Only the lines from the one that contains "2 beds, 1 bath, 987" to the last line below, both included, should be transcribed. Pictures stay out of the copy.
──────
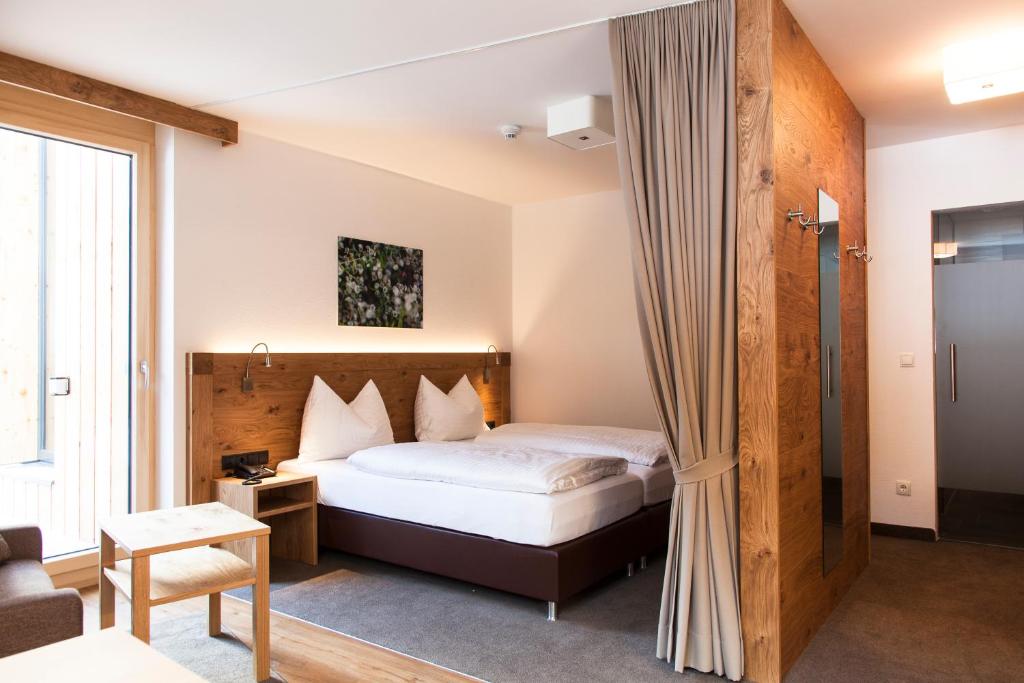 Anthony's Peaks & Pillows - 2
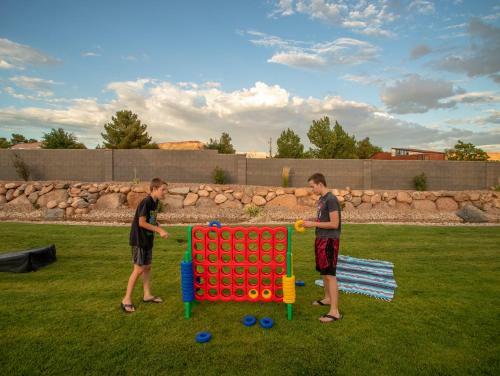 Zion White Bison Glamping & Rv Resort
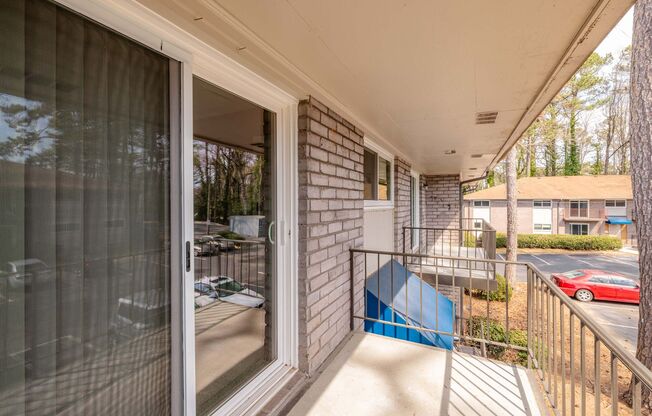 2 beds, 1 bath, 987 sqft, $1,399, Unit 2288-02
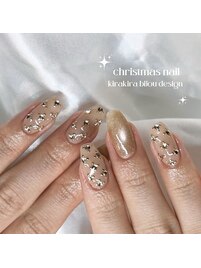 キラキラビジューネイル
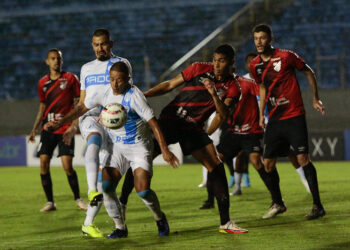 Londrina empata com Athletico e reassume liderança do Paranaense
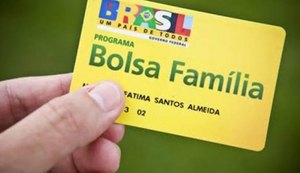 Bolsonaro quer gastar R$ 130 milhões para trocar cartão do Bolsa Família antes das eleições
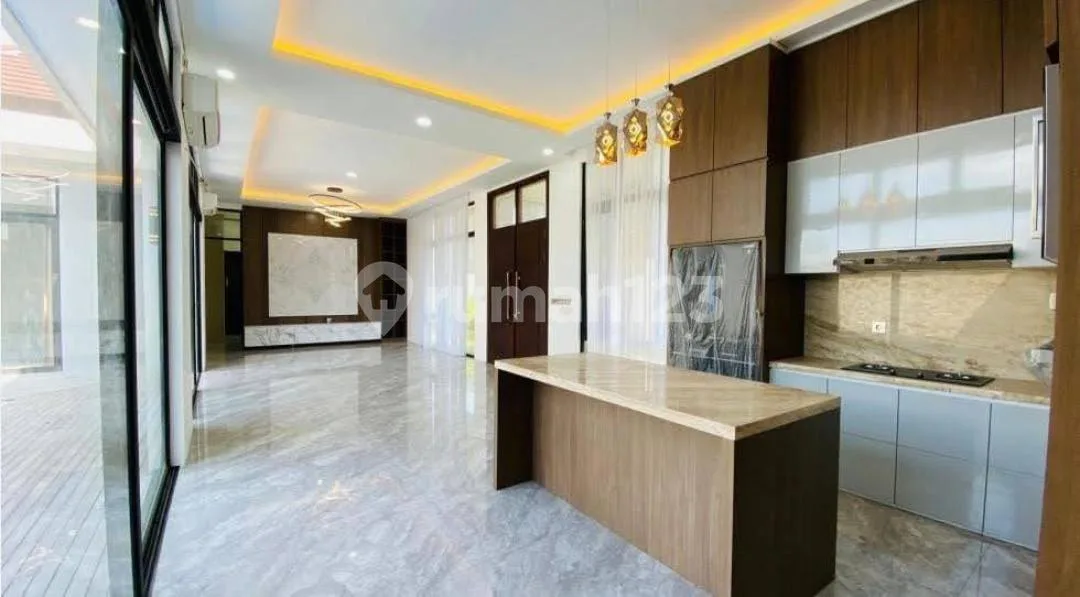 Villa Mewah With Pool Strategis View Sawah di Umalas - Image 3 of 4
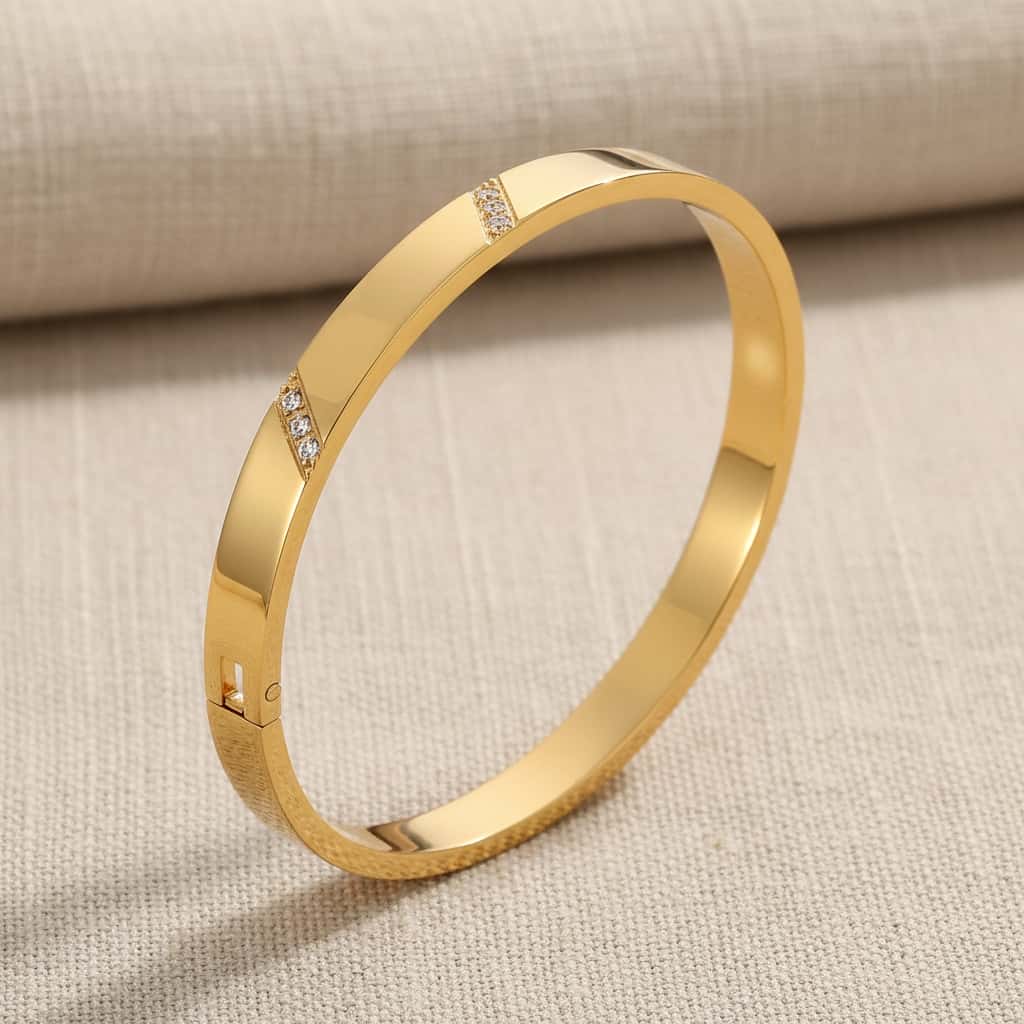 Flat cuff βραχιόλι με λευκό ζιρκόν, χρυσό ανοξείδωτο ατσάλι, flat lay σε linen — Celestial Steel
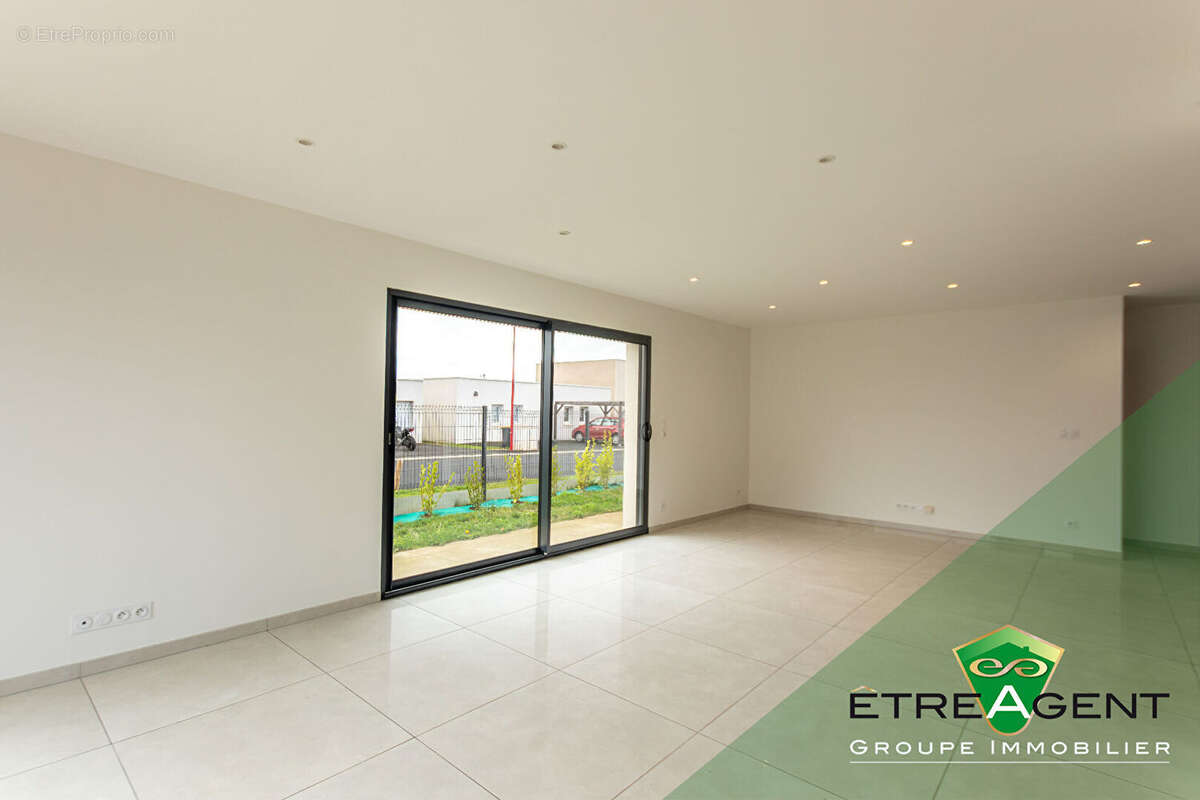 Maison ARGENCES - 124 m² - 4 chambres - photo 7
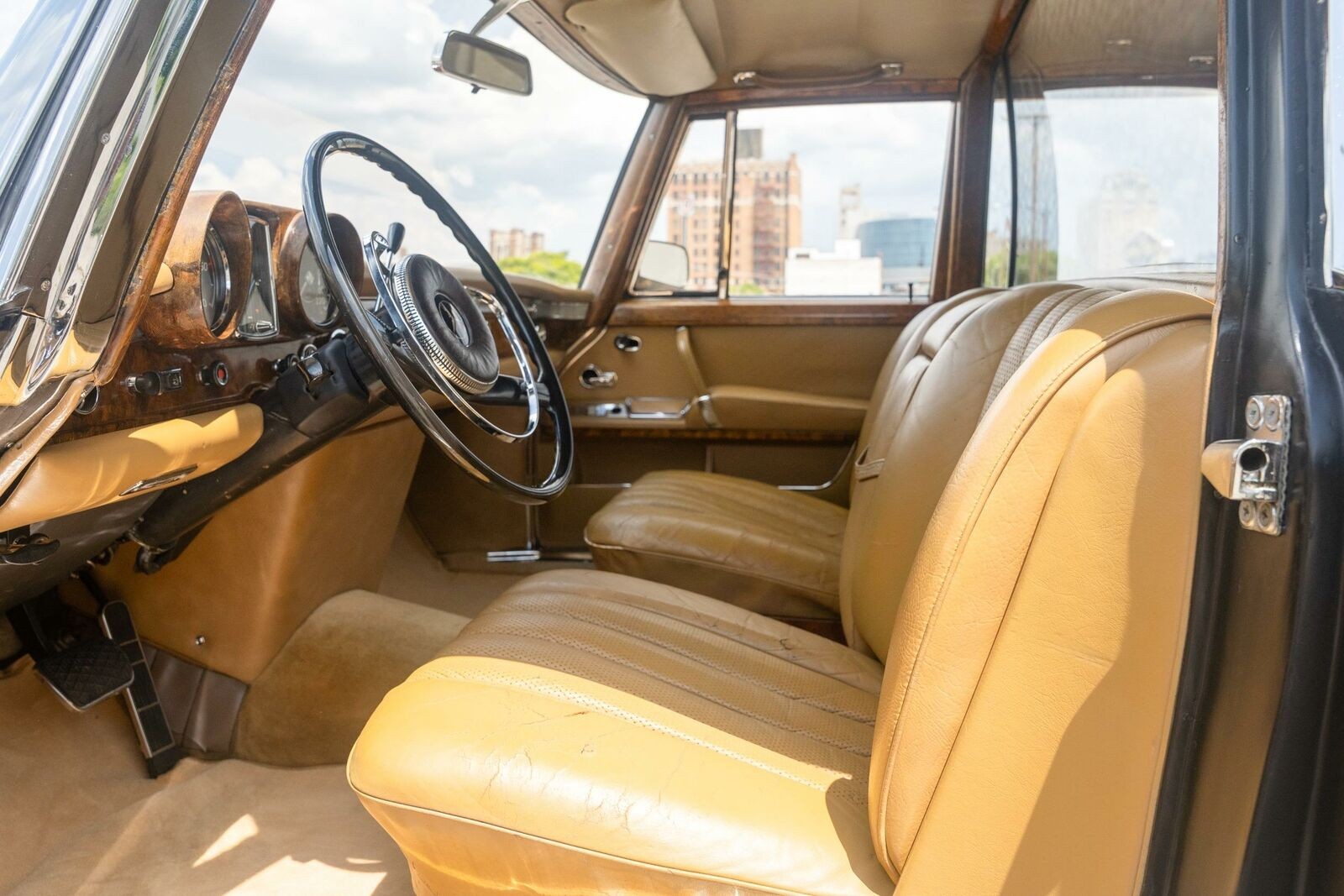 Really Comrades, Not One Of You Is Interested In A $285,000 Chinese State Limo?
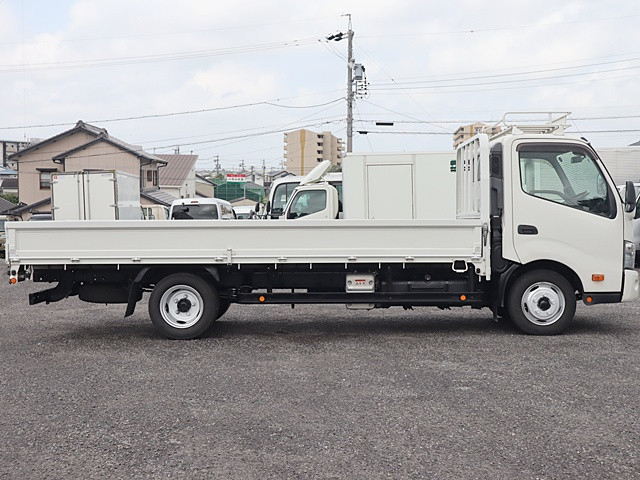 トヨタ ダイナ 小型 平ボディ 2RG-XZU720(89020) 8枚目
──────
» **The answer**
 2 beds, 1 bath, 987 sqft, $1,399, Unit 2288-02
 キラキラビジューネイル
 Londrina empata com Athletico e reassume liderança do Paranaense
 Bolsonaro quer gastar R$ 130 milhões para trocar cartão do Bolsa Família antes das eleições
 Villa Mewah With Pool Strategis View Sawah di Umalas - Image 3 of 4
 Flat cuff βραχιόλι με λευκό ζιρκόν, χρυσό ανοξείδωτο ατσάλι, flat lay σε linen — Celestial Steel
 Maison ARGENCES - 124 m² - 4 chambres - photo 7
 Really Comrades, Not One Of You Is Interested In A $285,000 Chinese State Limo?
 トヨタ ダイナ 小型 平ボディ 2RG-XZU720(89020) 8枚目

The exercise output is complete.